Half-wits are doing cutesy things with RVA and voice response stuff and
they need their arses kicked.   Their arrangement fudges important
distinctions and coerces people into actions which are violations of
what is commonsense and natural.


The first problem is that the system requires the caller to speak to a
machine in order for their call to progress.   This is a violation of
the principle that we speak to sentient creatures.   We may speak
*through* telephones and time-delay mechanisms such as answering
machines or voice mail, but we are still talking *to* a person.

Some older people have difficulty adjusting to talking through a
voice-mail system or answering machine, which is compounded by the
awkwardness some people feel when recording the greeting for those
services.   But they have already gotten used to the idea of talking to
people through a piece of plastic with wires and electricity.

I refused to allow my speech to be used as a surrogate for pressing a
button.  The system's first failing is that it did not do anything
useful with my non-response.  I wouldn't really have minded if it had
dropped me through to an operator or a tone-dial system.

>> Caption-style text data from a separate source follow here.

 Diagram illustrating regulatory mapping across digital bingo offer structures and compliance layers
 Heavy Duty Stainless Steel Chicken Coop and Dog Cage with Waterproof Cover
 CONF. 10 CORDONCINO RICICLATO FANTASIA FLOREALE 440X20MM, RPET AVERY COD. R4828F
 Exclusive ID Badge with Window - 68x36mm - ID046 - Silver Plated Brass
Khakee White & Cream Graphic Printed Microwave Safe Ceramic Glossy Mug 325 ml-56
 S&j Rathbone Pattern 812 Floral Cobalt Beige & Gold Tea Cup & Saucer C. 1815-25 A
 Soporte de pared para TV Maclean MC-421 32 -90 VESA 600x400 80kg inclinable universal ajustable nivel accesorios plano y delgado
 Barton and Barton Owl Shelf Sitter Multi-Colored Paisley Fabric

But the second RVA was the most objectionable.

A machine should ***never*** say "I".   

It is cutesy to think that a machine can say I, but in inviting the
hapless caller to accept this, the designers force them to accept a
machine just as they do a person, or to refuse and so end the call.

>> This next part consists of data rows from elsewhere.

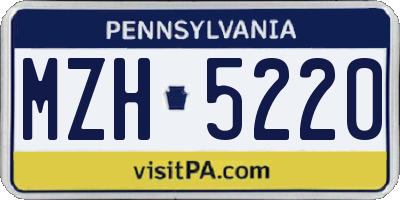 PA license plate MZH5220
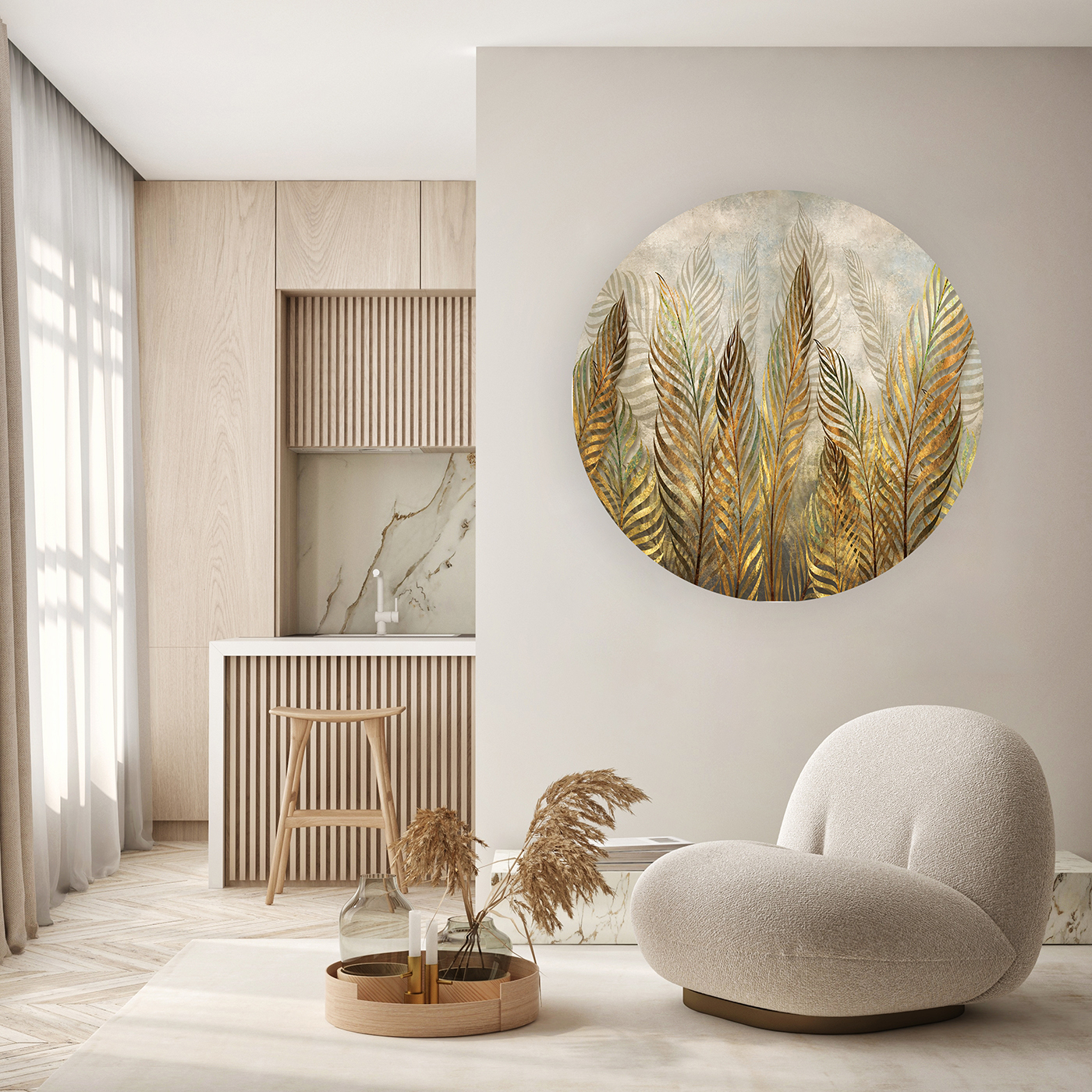 Tropikal Yapraklar ve Doğal Dokular Temalı Duvar Kağıdı - Doğal Tasarım - Görsel 5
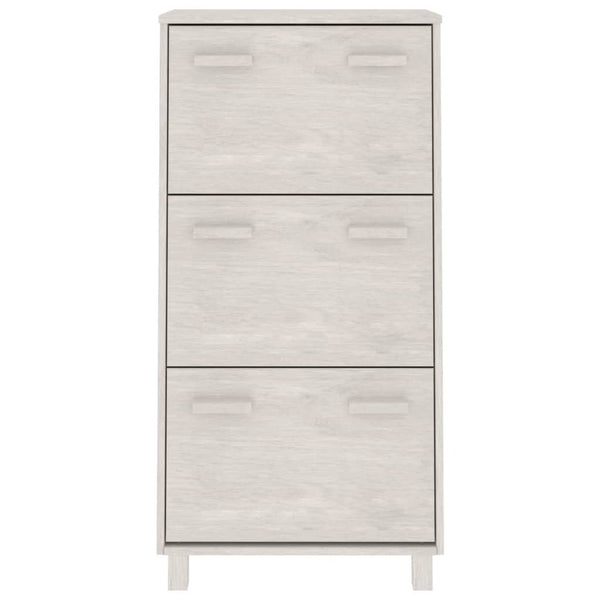 vidaXL Shoe Cabinet HAMAR White 59.5x35x117 cm Solid Pine Wood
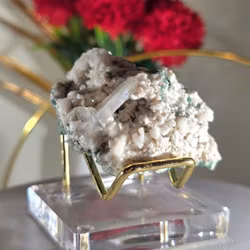 Grön Heulandit Zeolit Med Kalcit Från Indien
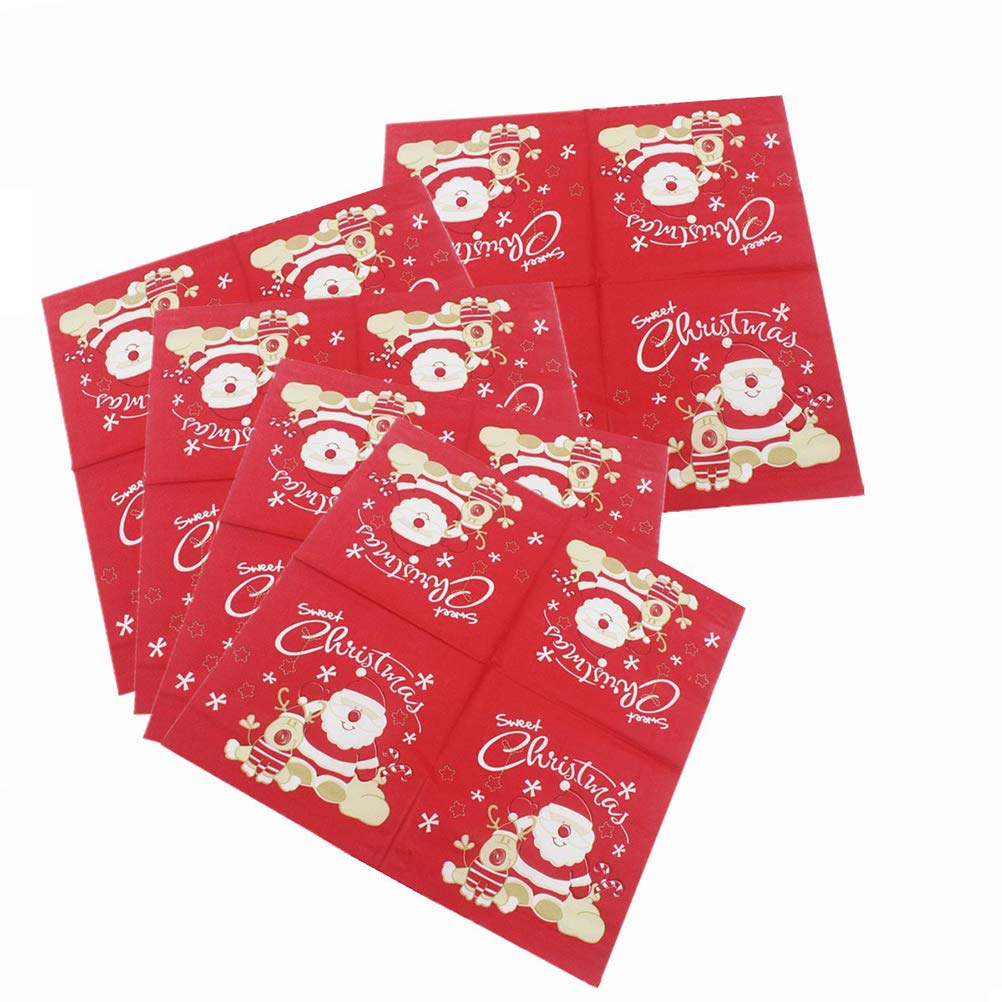 Christmas Disposable Napkins - 40 Pcs Lovely Elk Pattern Holiday Dinner Tissue for Xmas Party, Thanksgiving, New Year & Winter Celebrations - Perfect for Festive Table Decorations, Family Gatherings & Office Parties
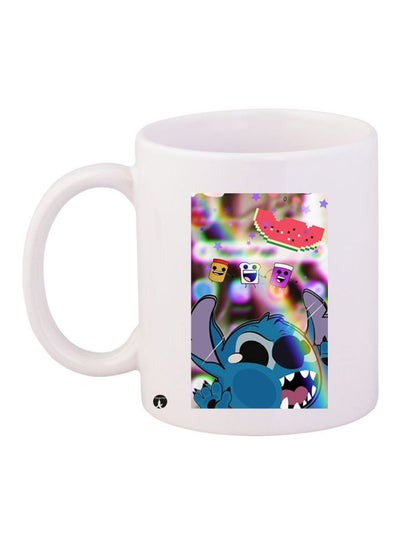 Stitch Printed Coffee Mug White/Blue/Red 11ounce
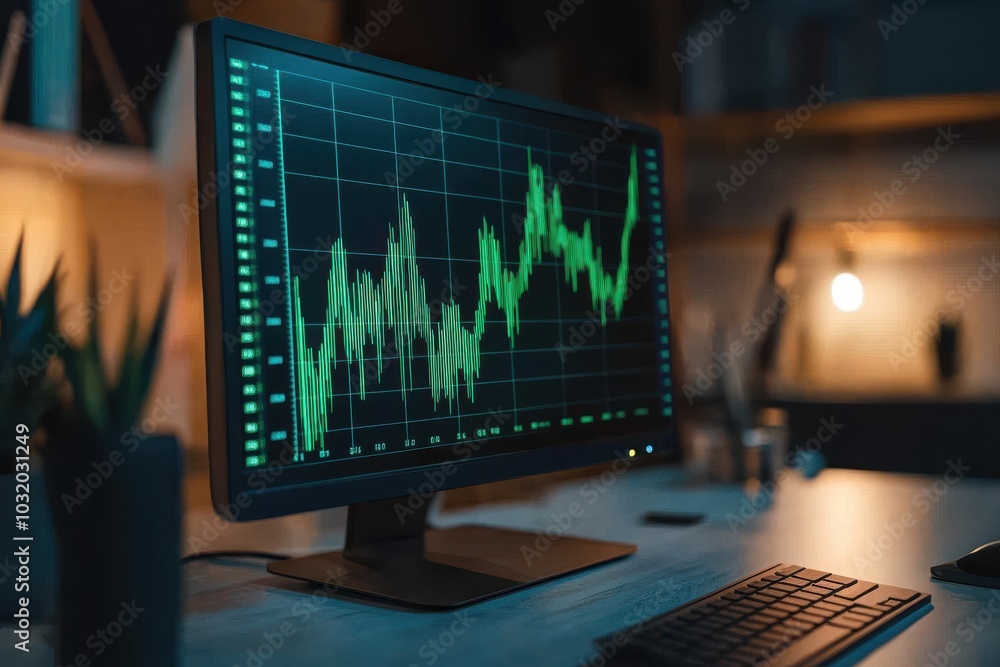 Close-up of computer monitor displaying stock market graph analysis Close-up of computer monitor displaying stock market graph analysis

(The confusion of the machine saying "I" business is compounded by the
growing pattern such as "My Documents" in Windoze computers, where the
system labels things as they would be labelled by the person - but only
a person who labels something can make something genuinely "mine" to
them.)   

There was a real woman who said the words "I did not hear you."  But it
is false to pretend that she was ever going to hear my words.   This is
another mental contortion the caller has to deal with, assuming they are
fully conscious, fully conversant with English, and are hearing the
voice responses clearly.  But what if the caller is  not fully aware of
what is happening?  They may be confused into thinking they are talking
to a real person - but that would sucker them into doing things which
lead only to frustration.


My answering machine (a dual cassette Phonemate machine which has been
100% reliable for years) uses a highly intelligible synthesised voice
(which is also very clearly synthesised, rather than human) to give
options when calling in to get messages.  It generates (I won't use the
term "says") "Hello, you have three messages.".   The use of "Hello" is
debatable and redundant.  But the mistake is when it "says":  "You can
hang up now and *I* will erase your messages."

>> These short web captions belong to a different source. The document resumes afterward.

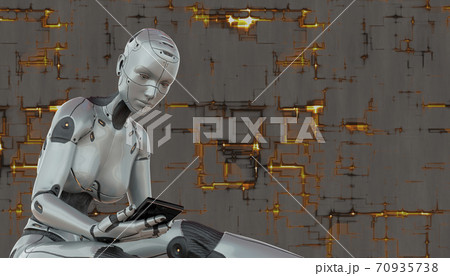 Cyborg girl with smartphone concept on techno background 3d illustration 70935738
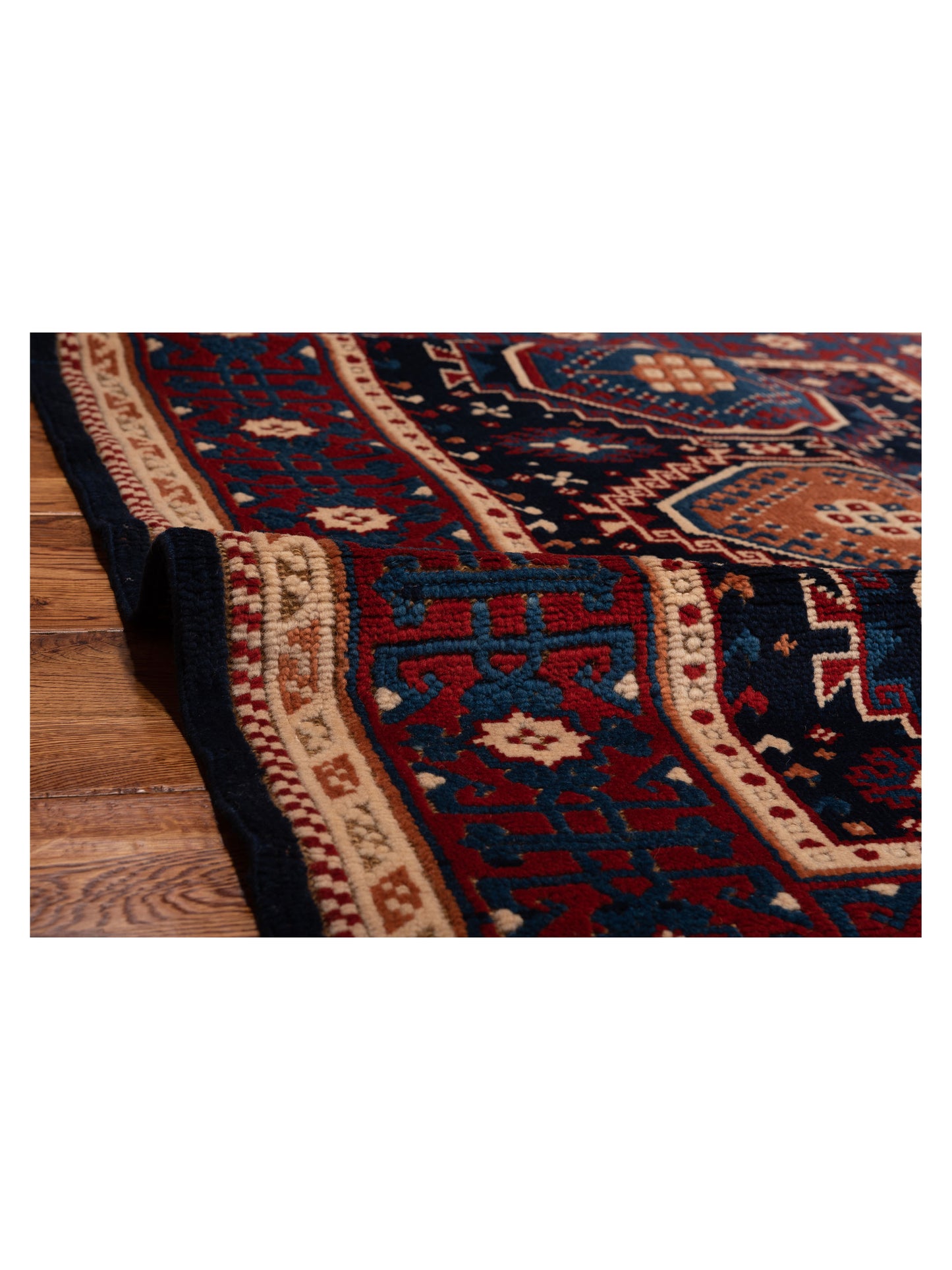 Shirvara Navy Red 4.3x5.5 Hand Knotted Rug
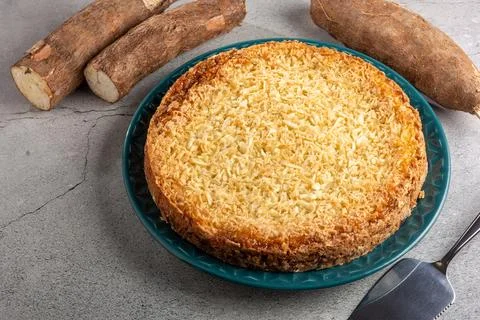Delicious cassava cake on the table. Stock Photos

Machines should never say "I".


Telstra's RVA is worse than a synthesised voice saying "I".  It is an
actor saying "I" but the system expecting us to respond as if:

1 - The system was a person-like entity, in being able to identify
    itself as "I".

or 

2 - We accept that the system is designed for people who are so dumb
    as not to be able to understand a system which works in any other
    way - so casting doubts about the intelligence and sensitivity of
    the designers.


There are plenty of alternatives.   An RVA system can function with the
messages clearly being pre-recorded by humans, as a guide to the caller
on what to do next - and to thank them on behalf of the organisation. 
In these instances, the actor is talking to the caller in a one-way
communication, but there is no notion of the actor pretending to speak
as if they were the the machine, and no use of "I".


The designers of this Telstra system no-doubt think it is smart - to
have a machine talking and responding like a human.  But it is dumb,
cheap, annoying and confusing.   

The worst aspect of this sort of system is that it may cause ordinary
people to fudge the distinction between talking to a person and talking
to a machine.  This encourages the development of the socially
degenerate trend in which real live people will not be treated as such,
or in which some people will not really care whether they are talking to
a person or not.

I called another number for billing enquiries and worked my way through
three bright sociable women in order to resolve my difficulty.  I told
the first about the voice system I just encountered - and she said that
Telstra staff sometimes have to negotiate these things in order to do
their job.   


Later, calling a number at Victoria College of the Arts, an RVA gave me
four numbers to choose between - so I pressed the appropriate key.  Then
an RVA said "I will try that extension"!!!